(The Center Square) – The Dominion Voting Systems, which has been used in multiple states where fraud has been alleged in the 2020 U.S. Election, was rejected three times by data communications experts from the Texas Secretary of State and Attorney General’s Office for failing to meet basic security standards.
Unlike Texas, other states certified the use of the system, including Pennsylvania, where voter fraud has been alleged on multiple counts this week.
Dominion Voting Systems, a Canadian company headquartered in Denver, is one of three companies primarily used in U.S. elections. The others are Election Systems and Software and Texas based-Hart InterCivic.
The Dominion system was implemented in North Carolina and Nevada, where election results are being challenged, and in Georgia and Michigan, where a “glitch” that occurred reversed thousands of votes for Republican President Donald Trump to Democrat Joe Biden.
While Biden declared victory Saturday in his U.S. presidential race against Trump, the Trump campaign is launching several challenges to vote counts in states across the country, alleging fraud.
Dominion’s Democracy Suite system was chosen for statewide implementation in New Mexico in 2013, the first year it was rejected by the state of Texas.
Louisiana modernized its mail ballot system by implementing Dominion’s ImageCast Central software statewide; Clark County, Nevada, implemented the same system in 2017. Roughly 52 counties in New York, 65 counties in Michigan and the entire state of Colorado and New Mexico use Dominion systems.

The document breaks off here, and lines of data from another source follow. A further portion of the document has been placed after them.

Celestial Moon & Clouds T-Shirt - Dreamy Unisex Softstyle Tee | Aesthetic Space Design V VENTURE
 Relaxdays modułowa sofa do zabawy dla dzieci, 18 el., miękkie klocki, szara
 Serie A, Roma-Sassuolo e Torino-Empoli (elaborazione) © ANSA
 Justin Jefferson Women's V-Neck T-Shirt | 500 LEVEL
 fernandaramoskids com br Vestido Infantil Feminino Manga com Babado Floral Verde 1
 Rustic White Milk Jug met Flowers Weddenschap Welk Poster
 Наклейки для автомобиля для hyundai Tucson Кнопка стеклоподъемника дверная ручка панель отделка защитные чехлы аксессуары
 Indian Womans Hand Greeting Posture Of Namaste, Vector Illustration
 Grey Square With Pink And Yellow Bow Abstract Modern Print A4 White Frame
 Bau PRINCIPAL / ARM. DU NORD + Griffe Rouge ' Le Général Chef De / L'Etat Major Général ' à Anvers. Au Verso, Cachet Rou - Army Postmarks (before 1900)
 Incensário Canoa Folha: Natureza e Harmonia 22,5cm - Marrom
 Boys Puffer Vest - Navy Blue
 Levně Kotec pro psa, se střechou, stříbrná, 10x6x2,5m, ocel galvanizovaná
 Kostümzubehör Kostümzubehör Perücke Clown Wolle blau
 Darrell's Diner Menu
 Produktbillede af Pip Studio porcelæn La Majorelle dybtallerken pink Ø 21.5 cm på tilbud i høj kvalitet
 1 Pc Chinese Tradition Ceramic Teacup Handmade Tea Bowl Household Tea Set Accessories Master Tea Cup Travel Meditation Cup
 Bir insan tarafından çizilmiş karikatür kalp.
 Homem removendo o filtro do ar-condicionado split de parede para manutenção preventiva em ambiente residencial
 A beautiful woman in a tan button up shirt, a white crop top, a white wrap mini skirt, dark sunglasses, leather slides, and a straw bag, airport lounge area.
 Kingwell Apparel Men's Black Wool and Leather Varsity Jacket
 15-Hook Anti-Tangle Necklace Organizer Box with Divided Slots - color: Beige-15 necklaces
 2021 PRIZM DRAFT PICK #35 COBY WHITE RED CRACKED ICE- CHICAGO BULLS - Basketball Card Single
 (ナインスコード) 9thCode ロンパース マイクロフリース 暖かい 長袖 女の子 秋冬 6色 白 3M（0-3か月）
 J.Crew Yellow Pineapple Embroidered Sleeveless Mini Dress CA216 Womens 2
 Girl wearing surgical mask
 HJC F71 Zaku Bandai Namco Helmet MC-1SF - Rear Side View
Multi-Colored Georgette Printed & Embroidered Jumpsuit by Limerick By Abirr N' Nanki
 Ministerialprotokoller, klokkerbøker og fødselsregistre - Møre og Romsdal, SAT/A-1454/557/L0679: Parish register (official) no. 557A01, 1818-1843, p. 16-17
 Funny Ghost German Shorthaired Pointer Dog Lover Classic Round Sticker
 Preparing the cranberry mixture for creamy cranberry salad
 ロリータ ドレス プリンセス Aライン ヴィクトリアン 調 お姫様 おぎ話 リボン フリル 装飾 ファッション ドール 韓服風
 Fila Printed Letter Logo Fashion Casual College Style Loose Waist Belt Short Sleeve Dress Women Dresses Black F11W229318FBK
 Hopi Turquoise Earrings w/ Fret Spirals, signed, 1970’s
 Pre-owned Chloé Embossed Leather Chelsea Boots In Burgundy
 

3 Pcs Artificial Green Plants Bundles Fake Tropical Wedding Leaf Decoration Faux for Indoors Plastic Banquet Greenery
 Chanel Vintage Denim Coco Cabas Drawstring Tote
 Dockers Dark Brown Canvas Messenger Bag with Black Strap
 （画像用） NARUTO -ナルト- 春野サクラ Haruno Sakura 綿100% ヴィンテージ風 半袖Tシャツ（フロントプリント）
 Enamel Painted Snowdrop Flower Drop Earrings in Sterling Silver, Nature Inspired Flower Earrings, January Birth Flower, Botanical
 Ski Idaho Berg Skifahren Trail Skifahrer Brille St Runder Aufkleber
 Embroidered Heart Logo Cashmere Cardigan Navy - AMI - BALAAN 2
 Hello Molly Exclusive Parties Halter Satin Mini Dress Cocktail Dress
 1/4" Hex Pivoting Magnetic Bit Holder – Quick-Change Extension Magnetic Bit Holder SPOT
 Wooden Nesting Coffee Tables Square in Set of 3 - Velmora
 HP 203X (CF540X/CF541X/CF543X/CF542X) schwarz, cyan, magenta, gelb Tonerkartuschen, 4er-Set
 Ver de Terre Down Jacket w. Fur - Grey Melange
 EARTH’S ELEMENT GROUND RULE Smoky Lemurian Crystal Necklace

According to a Penn Wharton study, “The Business of Voting,” Dominion Voting Systems reached approximately 71 million voters in 1,635 jurisdictions in the U.S. in 2016.
Dominion “got into trouble” with several subsidiaries it used over alleged cases of fraud. One subsidiary is Smartmatic, a company “that has played a significant role in the U.S. market over the last decade,” according to a report published by UK-based AccessWire.
Litigation over Smartmatic “glitches” alleges they impacted the 2010 and 2013 mid-term elections in the Philippines, raising questions of cheating and fraud. An independent review of the source codes used in the machines found multiple problems, which concluded, “The software inventory provided by Smartmatic is inadequate, … which brings into question the software credibility,” ABS-CBN reported.
Smartmatic’s chairman is a member of the British House of Lords, Mark Malloch Brown, a former vice-chairman of George Soros’ Investment Funds, former vice-president at the World Bank, lead international partner at Sawyer Miller, a political consulting firm, and former vice-chair of the World Economic Forum who “remains deeply involved in international affairs.” The company’s reported globalist ties have caused members of the media and government officials to raise questions about its involvement in the U.S. electoral process.